Segnaliamo tra l'altro la prima uscita di un map pack dedicato appunto alla
sezione multigiocatore.
Pollice verso, quindi, per questa conversione su Xbox 360, realizzata forse con
troppa superficialità e con l'arrogante convizione che il pad potesse sostituire
in tutto e per tutto i “ferri del mestiere” attorno ai quali si è sviluppato
l'intero concetto di strategia in real time su PC. Soprattutto quando, alla
prova dei fatti, il gameplay proposto è identico a quanto visto su PC (pregi e
difetti annessi), senza nessuna significativa variazione per “andare incontro”

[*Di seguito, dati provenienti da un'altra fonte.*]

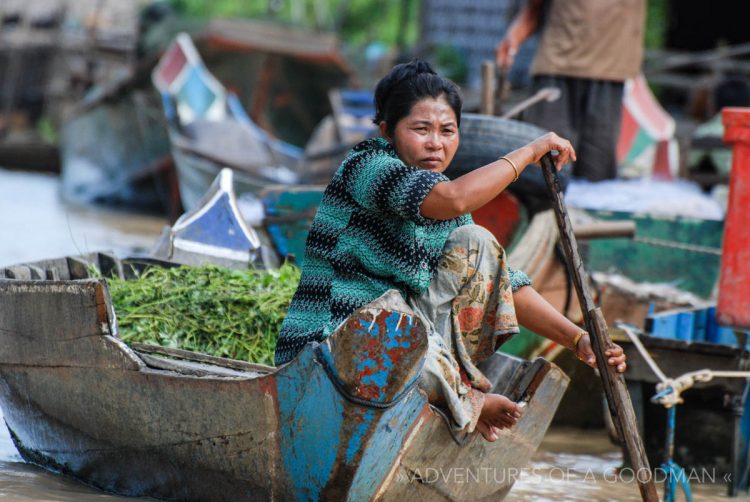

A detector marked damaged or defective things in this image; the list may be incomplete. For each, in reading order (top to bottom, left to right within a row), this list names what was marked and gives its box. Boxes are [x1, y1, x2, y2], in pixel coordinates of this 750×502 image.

rusty boat metal [0, 255, 568, 502]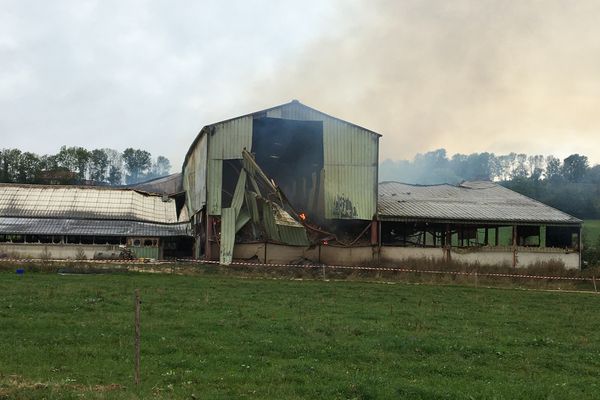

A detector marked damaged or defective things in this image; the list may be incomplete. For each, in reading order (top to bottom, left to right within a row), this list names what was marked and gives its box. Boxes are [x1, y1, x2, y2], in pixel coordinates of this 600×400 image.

broken roof edge [180, 100, 382, 170]
damaged barn roof [0, 183, 178, 223]
damaged barn roof [380, 180, 580, 225]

alla mancanza di tastiera e mouse. A questo punto ci si domanda come mai il
pieno supporto per le periferiche USB sulla Xbox360 non sia stato preso in
considerazione da Electronic Arts, dal momento che si sarebbe quantomeno potuto
dare al giocatore la libertà di scelta sul sistema di controllo da adottare. Che
sia la famosa arroganza made in USA? A voi la risposta.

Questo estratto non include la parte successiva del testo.